Building a House on Mallorca — Step-by-Step from Plot to Keys

This is the operational guide we wish we’d had as buyers ourselves. Nine phases, 18–36 months, written so you know what’s coming next at each stage.

Phase 0 — Before you buy the plot (2–8 weeks)

The most expensive mistakes in Mallorca construction happen at the moment of plot purchase. Things to check before signing:

  • Catastral vs Registro — do they agree on boundaries, area, classification?
  • Urbanistic classification — Urbano, Suelo Rústico Comú, Suelo Rústico Protegido, Núcleo Rural? Each has different building rights.
  • Water and electricity — connected, or feasible to connect?
  • Access — legal access via public road, or right-of-way through someone else’s parcel?
  • Heritage flags — anything on the parcel or immediately adjacent that triggers patrimony review?

Have an architect run this review before you sign. The fee is small (typically €500–€2,000); the downside avoided is large.

Phase 1 — Plot purchase and post-purchase setup (4–8 weeks)

Notary, Registro inscription, payment of ITP (Impuesto sobre Transmisiones Patrimoniales — currently 8% on Mallorca for resales) or VAT (10% on new builds). You’ll also need a NIE (Número de Identidad de Extranjero) if you don’t have one — this can take 4–8 weeks if you’re not already in the Spanish system.

Phase 2 — Topographic survey + geotechnical (3–6 weeks)

Survey of the plot, geotechnical drilling and laboratory testing. These need to happen before serious design work — the topographic shows you what you’re really building on, and the geotechnical determines foundation strategy and ground-water risk. Typical combined cost: €2,000–€6,000.

Phase 3 — Concept + preliminary design (6–10 weeks)

Architectural conversations begin in earnest. Sketches, volumetric studies, room programmes, façade language exploration. This is also when major decisions like single vs two-storey, basement vs no basement, pool location, and orientation get finalised. By the end of this phase you should have a clear preliminary design that you and your architect both believe in.

Phase 4 — Proyecto Básico + permit submission (4–8 weeks)

The preliminary design gets developed into permit-grade documentation. Submission to the Ayuntamiento (or ECU). At this point the project enters a queue at the regulatory office — you do not control the speed from here. The architect handles all correspondence with authorities.

Phase 5 — Permit review (3–14 months, depending on route)

The longest waiting phase.

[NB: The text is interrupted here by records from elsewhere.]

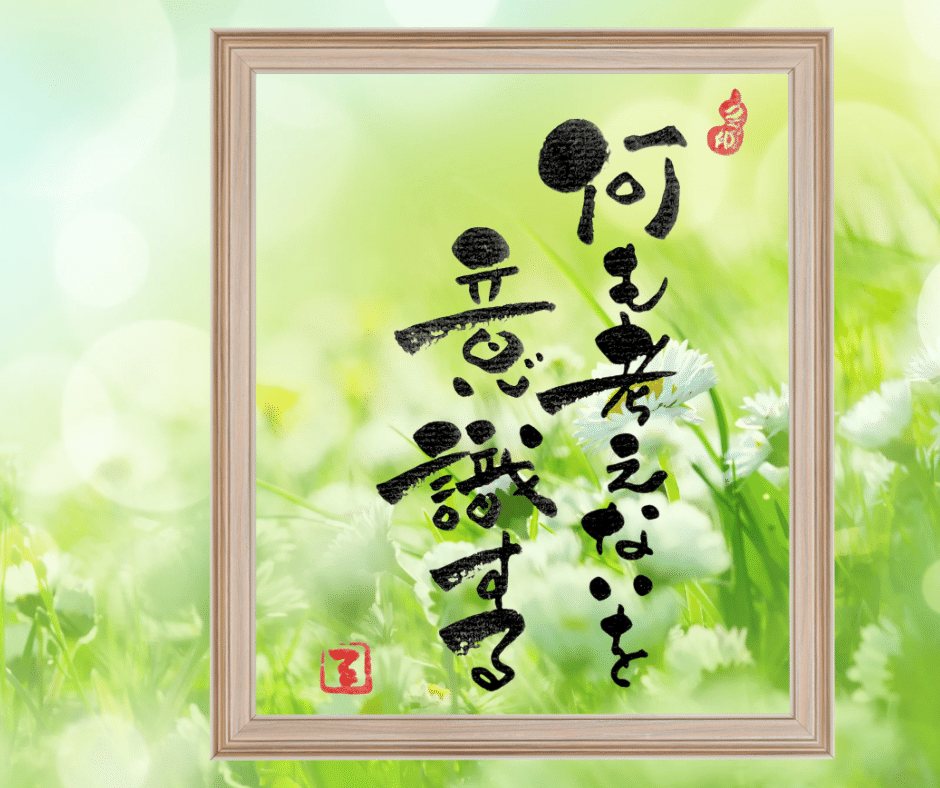 心がホッと…⑦｜るみちゃん|50代趣味で始めた筆文字アートで副業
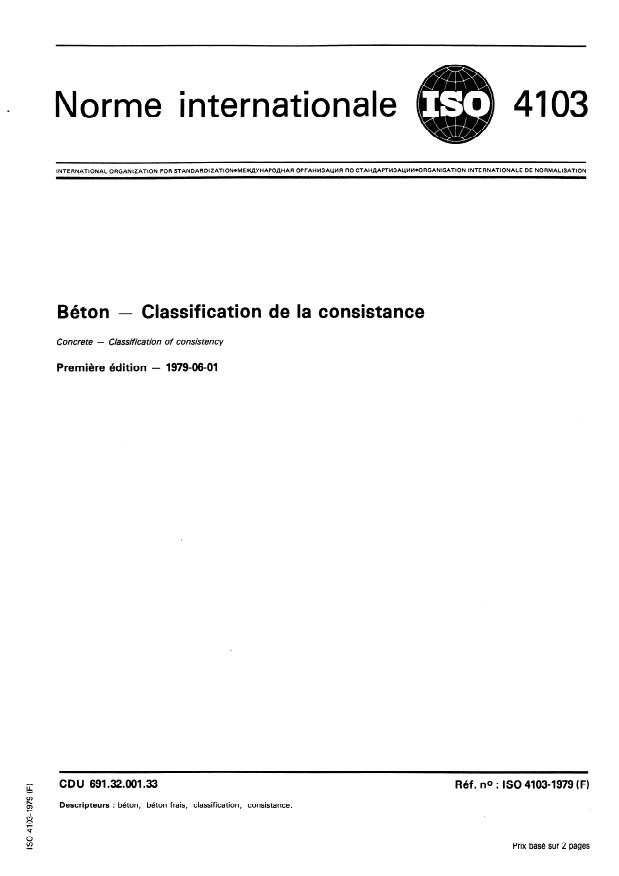 ISO 4103:1979 - Béton -- Classification de la consistance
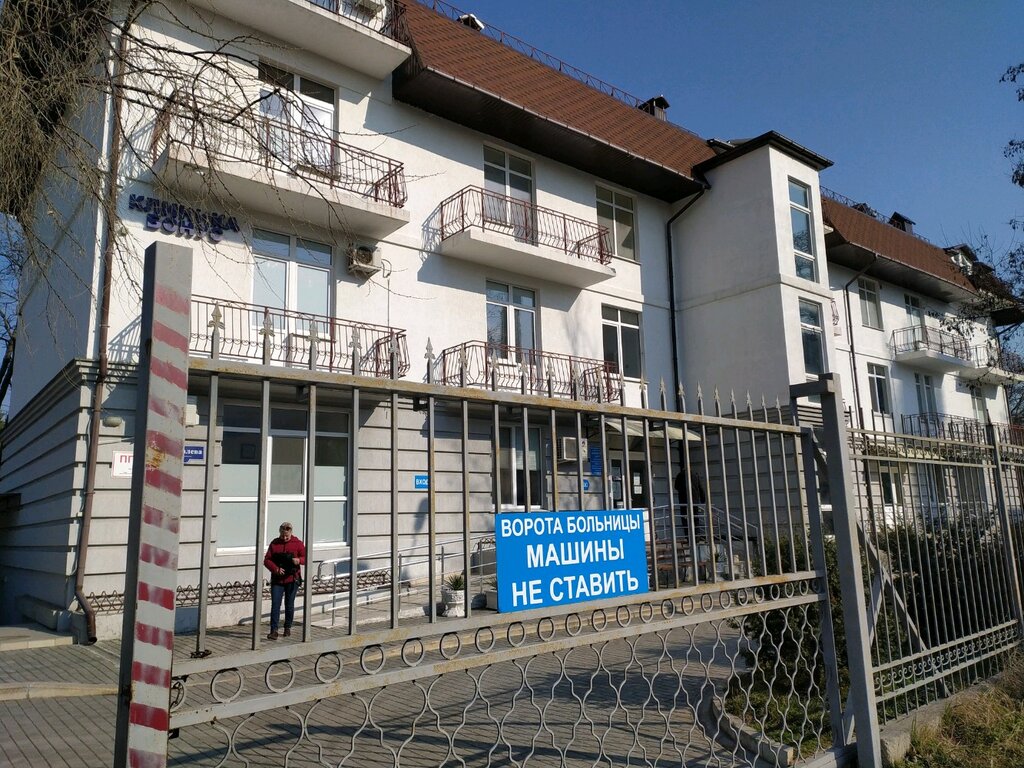 Медицинская клиника бонус ул хрусталева 35г фото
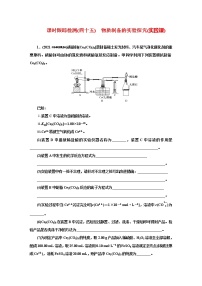 课时跟踪检测(四十五)　物质制备的实验探究(实践课)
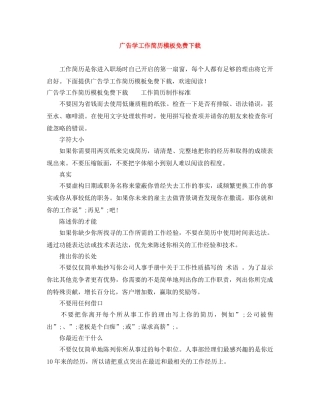 广告学工作简历模板免费下载 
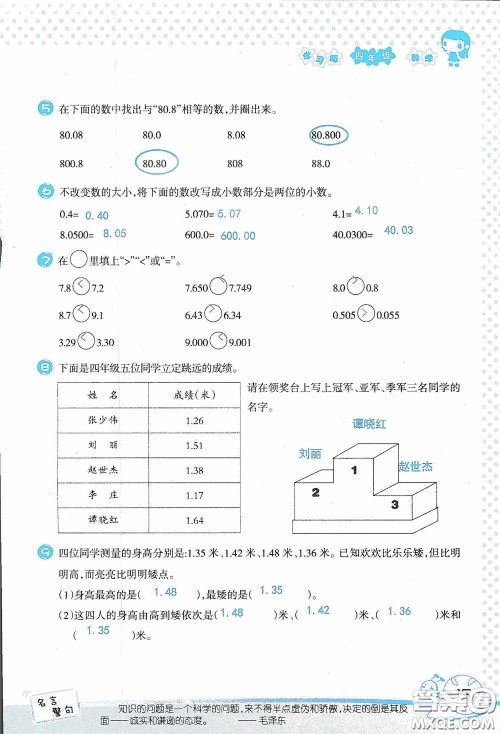 2020假日知新暑假学习与生活四年级数学学习版答案 2020假日知新暑假学习与生活四年级数学学习版答案
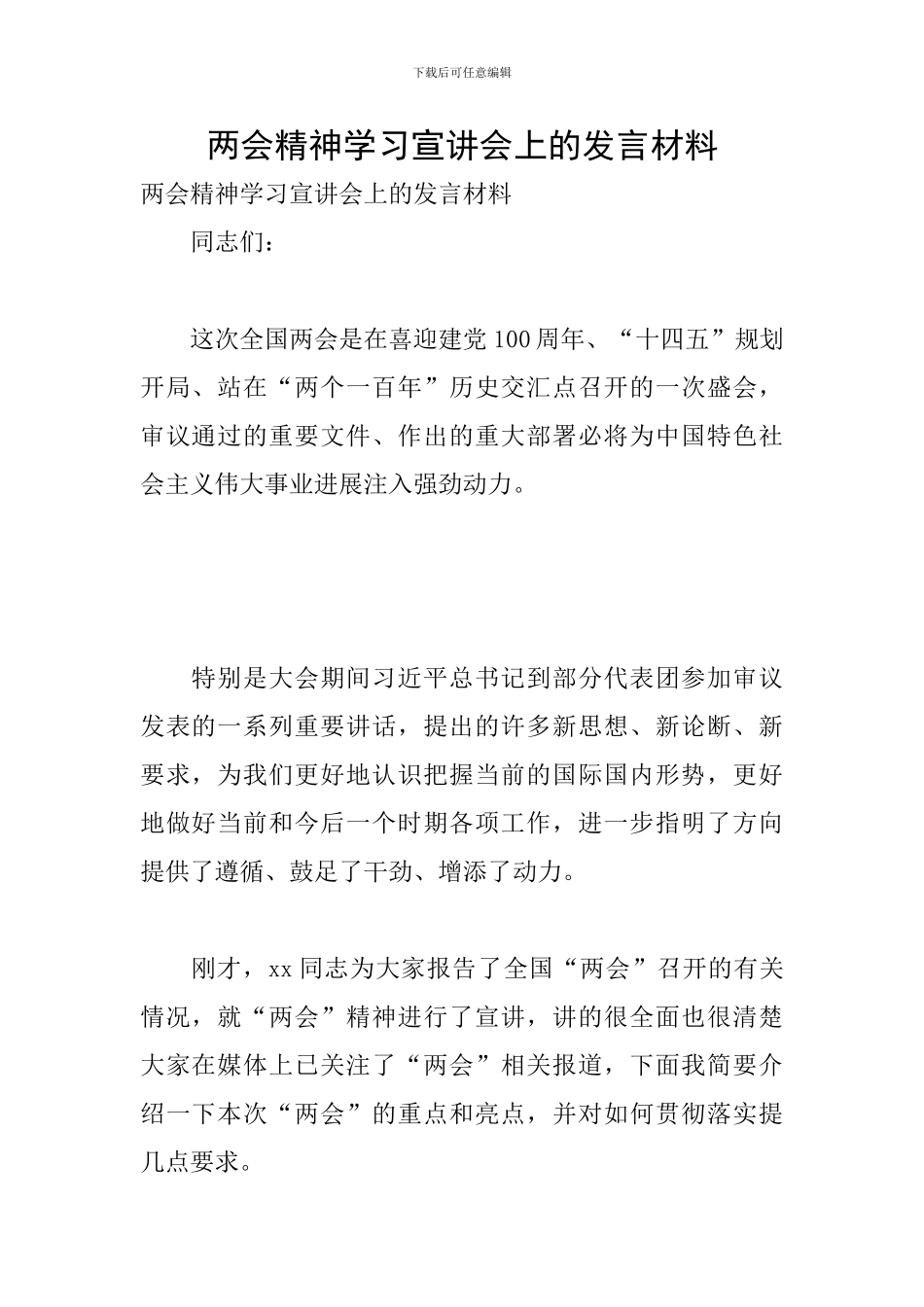 两会精神学习宣讲会上的发言材料_第1页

Use this time productively: finalise material selections, interior design, kitchen and bathroom specifications, AV/smart-home strategy, landscape design. Most clients underestimate how much there is to decide and discover too late that they’re holding the project up.

Phase 6 — Proyecto de Ejecución (6–10 weeks, overlaps Phase 5)

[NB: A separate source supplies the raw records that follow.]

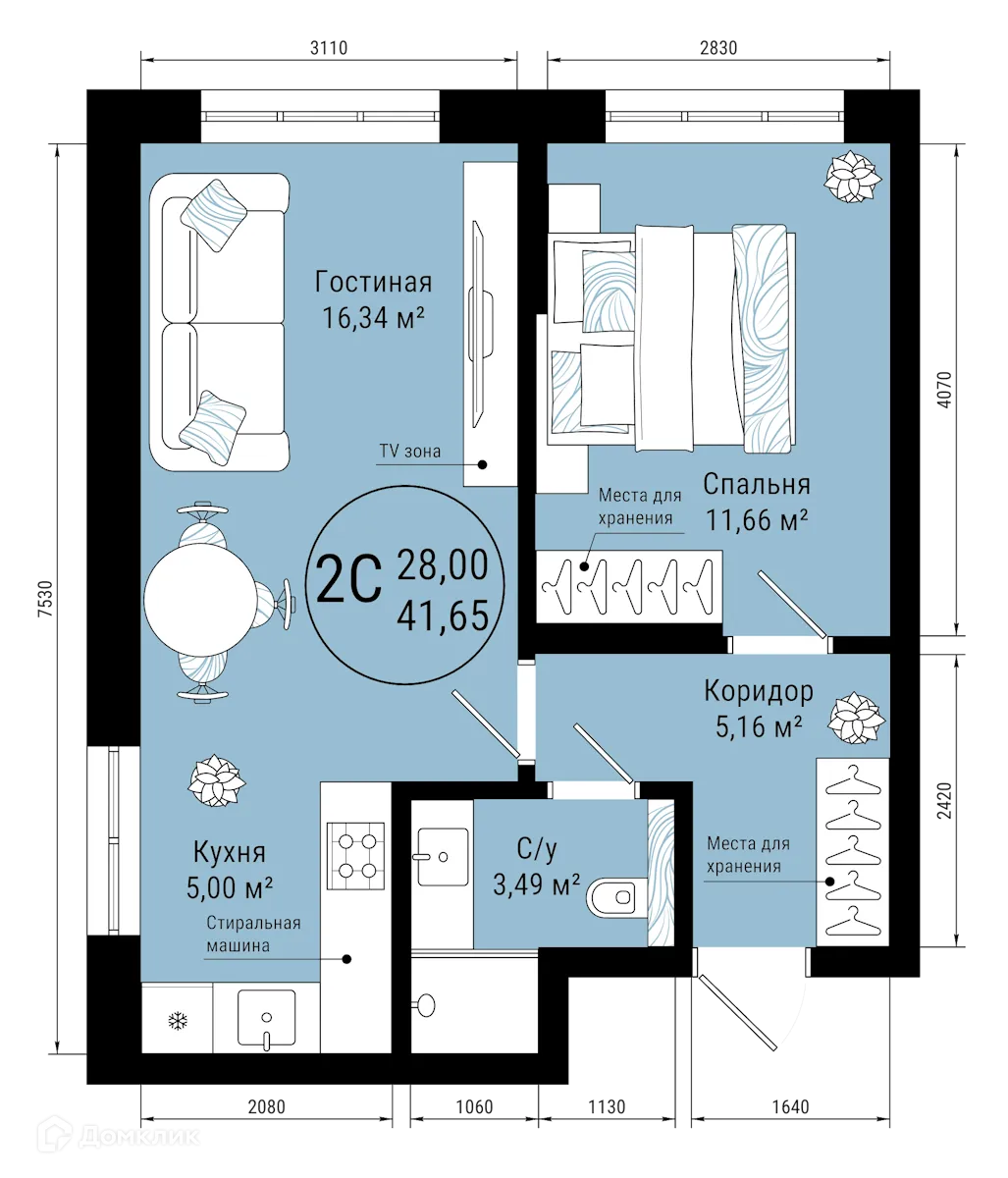 Планировка 2-комнатной квартиры 41.65 м² в ЖК VETER (Ветер), г. Уфа — фото 1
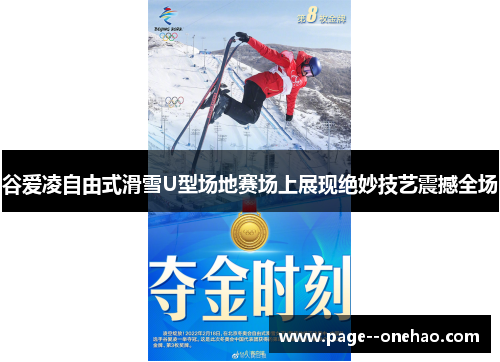 谷爱凌自由式滑雪U型场地赛场上展现绝妙技艺震撼全场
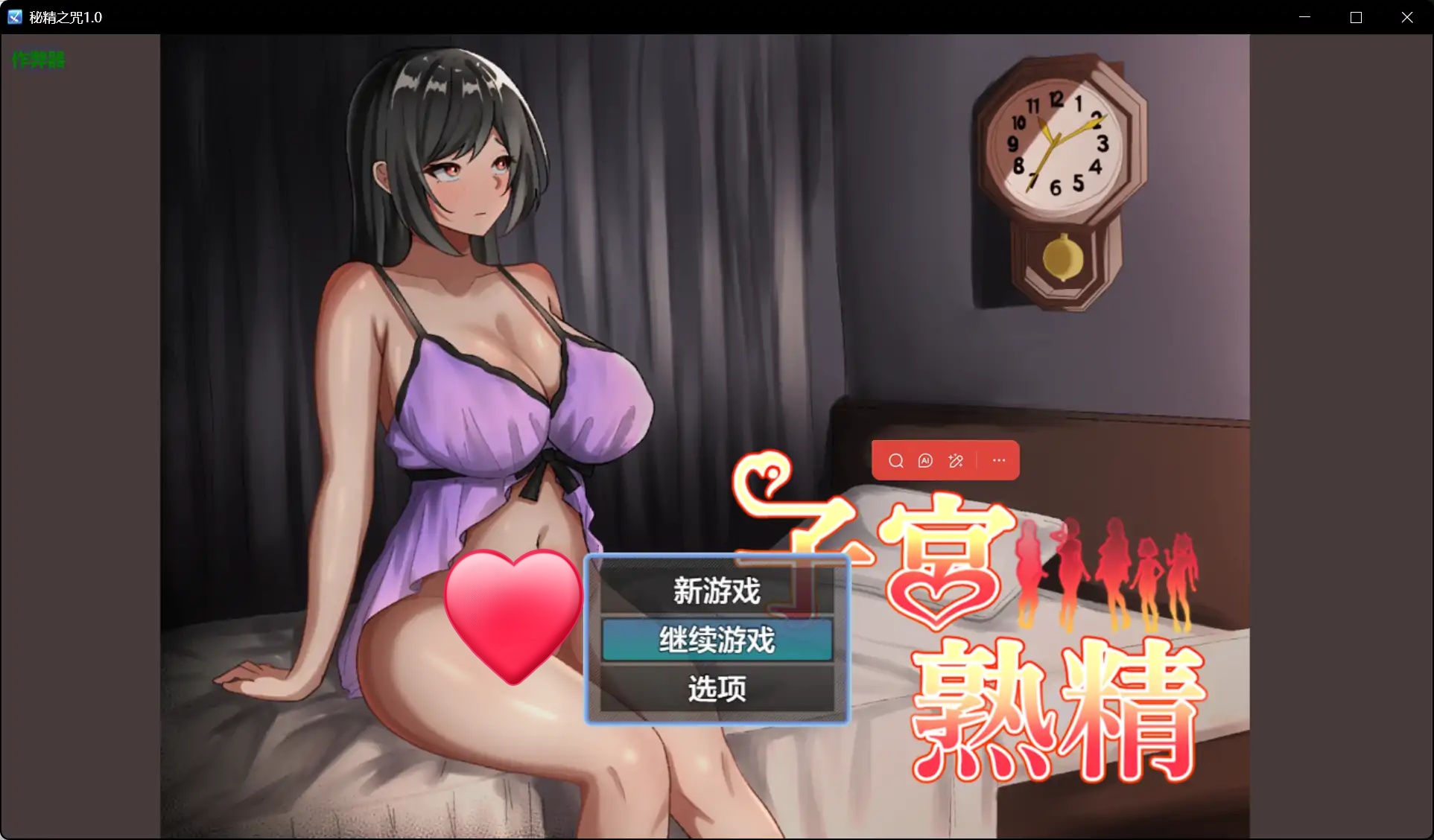 x70750秘精之咒V1.0 AI汉化版[新作/900M][PC+安卓]-11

Construction-grade drawings. Every wall section, every joinery detail, every mechanical layout, every finish specification. The Proyecto Básico is the “what we’re building”; the Proyecto de Ejecución is the “how, exactly”. This phase can largely run in parallel with permit review.

Phase 7 — Tender + contractor selection (4–8 weeks)

Bill of quantities goes out to 3–5 pre-qualified contractors. Bids return, get normalised, get compared. A choice is made, a contract is signed. The contract usually includes payment schedule (typically 5–8 milestone payments tied to construction progress), liquidated damages for delays, and clear scope definition. Boilerplate Spanish construction contracts are increasingly recognisable; we use a customised version.

Phase 8 — Construction (12–22 months)

Site works begin: clearance, excavation, foundations, structure, envelope, mechanical systems, finishes, pool, landscape. Weekly site meetings, monthly invoicing against bill of quantities, continuous quality control. A typical 300 m² villa in Sa Torre with mid-premium finishes runs 14–18 months of pure construction time, plus 1–2 months of preparation and 1–2 months of snagging.

Phase 9 — Final de Obra + hand-over (4–8 weeks)

The final certificate of completion (Final de Obra) is signed by the architect after final inspections. The owner applies for the Cédula de Habitabilidad (certificate of habitability — required to live in the house and to connect to utilities). The as-built version of the building is registered with the Catastro and Registro de la Propiedad. Snagging list is closed. Keys are handed over.

The realistic total

From plot purchase to keys: 18 months at the absolute fastest, 36 months as a planning estimate. Anyone promising you 12 months on a new-build villa with standard Mallorca regulatory paths is either oversimplifying or overpromising. We tell clients 24–30 months as the working assumption, and we work hard to be at the lower end of that range.